Heres some of the new pictures just taken


----------



## woodchux

Please ask yourself these questions...

If you were paralyzed from the neck down would it be worth $2,200 to get your movement back ????

If you were STONE COLD DEAD , would your wife and kids pay $2,200 to get you back ????

Sure you could MAYBE do it, But what if something happens.

Dude it's just money, don't "F" around. Experienced climbers with many years under their belt DIE frequently in this industry. 

One little oversight YOUR DEAD !!!
Why risk it ?


----------



## Kate Butler

*bad luck?*

Do you have life insurance? If not, get some before you attempt this. If yes, double it NOW!! Then take pictures - we all want to see 'em go down. Hopefully, with you being intact at the end of the process.


----------



## Trinity Honoria

woodchux said:


> Please ask yourself these questions...
> 
> If you were STONE COLD DEAD , would your wife and kids pay $2,200 to get you back ????



she might not want him back if he was foolish enough to do this...

and in your first post you mentioned you have nutz... i hope you have surmised from the responses that you are considered big-time nuts, not in possession of big cojones... 

just thoughts from a woman...


----------



## rbtree

The new pics make them look even easier....maybe only 70-80 feet tall as well. I'm sure you'll get a good deal from newfie, especially if they do it as a down only...whether you move the shed or not....

Stay smart, safe, and rooted to the ground, ya hear!


----------



## db_010

Sure looks like they could both be dropped whole behond the house if the shed & propane tank were moved. The drop zone is obviously not wide open there for a rookie, but hopefully is plenty big enough in the eyes of a pro. Maybe you move the shed & propane, hire a pro to drop the two trees behind the house, then he goes home and you take it from there. I would think that would drop the price low enough to make it worth avoiding the risk all together. You might even get a pretty cheap price by moving the shed, propane, and dog cage, then hiring the pro to climb and take them down. Eliminating the need to rig anything and hiring him only to get it to the ground should be pretty cheap.
It's worth exploring those options to see where they get you.


----------



## rbtree

Here's a fir we did today, total manhours from the time we left the shop was barely 4...$490= means I'm happy camper. It was 90 feet tall, but only 20 inches at 10 feet up. Next to a fence, and 10 feet to the garage. But, small branches meant Ian hand dropped them all. We only had to lower the top. 4 yards of chips or so...slam dunk. I'm mighty happy with $125 per manhr....diltree, I'd say that 20 foot top was 225 lb max, I handled it with a 3/4 trunk wrap, and fired 3 shots with the my new motor driven Canon 1DMark2 as it was starting over.....I was playing around with slow shutter speeds to blur the action.....
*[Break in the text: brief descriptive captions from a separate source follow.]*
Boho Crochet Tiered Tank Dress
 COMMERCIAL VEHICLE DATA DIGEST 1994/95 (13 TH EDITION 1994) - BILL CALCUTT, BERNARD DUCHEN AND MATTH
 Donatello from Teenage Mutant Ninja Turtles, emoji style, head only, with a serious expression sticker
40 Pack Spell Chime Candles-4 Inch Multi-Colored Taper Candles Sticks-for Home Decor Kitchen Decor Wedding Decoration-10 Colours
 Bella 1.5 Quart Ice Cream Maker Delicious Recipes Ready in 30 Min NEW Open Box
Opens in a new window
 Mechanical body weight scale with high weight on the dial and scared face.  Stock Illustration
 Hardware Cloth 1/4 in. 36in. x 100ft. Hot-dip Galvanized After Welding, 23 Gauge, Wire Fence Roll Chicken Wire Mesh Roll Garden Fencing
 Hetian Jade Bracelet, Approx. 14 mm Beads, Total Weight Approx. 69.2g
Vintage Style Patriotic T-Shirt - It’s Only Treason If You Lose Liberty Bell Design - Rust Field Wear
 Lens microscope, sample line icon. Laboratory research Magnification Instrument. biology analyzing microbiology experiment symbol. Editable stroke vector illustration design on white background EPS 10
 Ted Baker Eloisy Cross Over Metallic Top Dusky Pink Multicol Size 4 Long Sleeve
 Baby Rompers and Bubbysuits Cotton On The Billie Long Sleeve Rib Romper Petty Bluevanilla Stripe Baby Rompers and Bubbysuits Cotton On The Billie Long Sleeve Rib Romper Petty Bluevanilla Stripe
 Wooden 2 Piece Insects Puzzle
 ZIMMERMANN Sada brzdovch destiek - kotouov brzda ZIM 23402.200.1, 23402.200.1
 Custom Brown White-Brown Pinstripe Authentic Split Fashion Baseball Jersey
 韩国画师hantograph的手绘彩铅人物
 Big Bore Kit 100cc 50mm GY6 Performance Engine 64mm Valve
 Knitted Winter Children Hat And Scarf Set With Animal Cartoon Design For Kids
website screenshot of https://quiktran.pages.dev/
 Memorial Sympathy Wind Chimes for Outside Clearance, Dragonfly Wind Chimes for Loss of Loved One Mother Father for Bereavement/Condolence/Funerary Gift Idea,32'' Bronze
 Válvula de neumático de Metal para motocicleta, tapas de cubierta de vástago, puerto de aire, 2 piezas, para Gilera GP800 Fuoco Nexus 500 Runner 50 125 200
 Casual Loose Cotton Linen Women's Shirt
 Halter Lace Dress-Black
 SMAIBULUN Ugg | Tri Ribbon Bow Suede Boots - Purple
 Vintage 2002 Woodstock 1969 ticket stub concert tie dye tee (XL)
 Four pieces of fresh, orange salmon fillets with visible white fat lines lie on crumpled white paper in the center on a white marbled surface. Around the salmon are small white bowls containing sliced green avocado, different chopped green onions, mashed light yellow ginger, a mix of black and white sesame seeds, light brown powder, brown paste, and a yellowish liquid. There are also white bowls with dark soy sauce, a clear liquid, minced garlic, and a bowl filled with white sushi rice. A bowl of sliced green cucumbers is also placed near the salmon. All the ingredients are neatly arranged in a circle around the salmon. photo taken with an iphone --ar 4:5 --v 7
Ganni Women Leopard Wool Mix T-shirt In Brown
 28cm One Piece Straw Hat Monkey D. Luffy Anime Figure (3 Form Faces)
My guess is, slyder's pines have at most 8-10 yards of chips. They're very sparse.. an easy job even if the shed is not moved. (Shed offers some shielding for the propane tank, which might be hard to move.) But he's already said he'll do the cleanup and buck the wood.


----------



## rbtree

Here's the top going over.


----------



## rbtree

Here's what's was left of a 80 foot pine on our thrid job today...it was close to 36 inches at the butt, but, even though the service lines were right next to it on one side( we tied them back a bit), I still had it limbed and topped in maybe an hour.. it produced a good 8 yards of chips. It was low at $400 (cash) but we;re doing two more for two neighbors for another $1225, so this guy wanted $100 off as the referrer. I had no problem with that.

Travis ready to be the pancake filling?












Notice Ian is now on the other side. He'd left a hunk of holding wood on one side, so it stopped in mid fall...That can happen if the bar is too short to go alo the way thru, and the faller doesn't do a precise job. It is also good to bore out some of the center hinge width, as when falling shorter sticks, not much hinge is needed.






The woods modded Dolmar PS7900 can sure throw a roostertail, eh?


----------



## rbtree

aye...and, contrary to popular opinion in these parts, I'll still kiss ehp's assssss.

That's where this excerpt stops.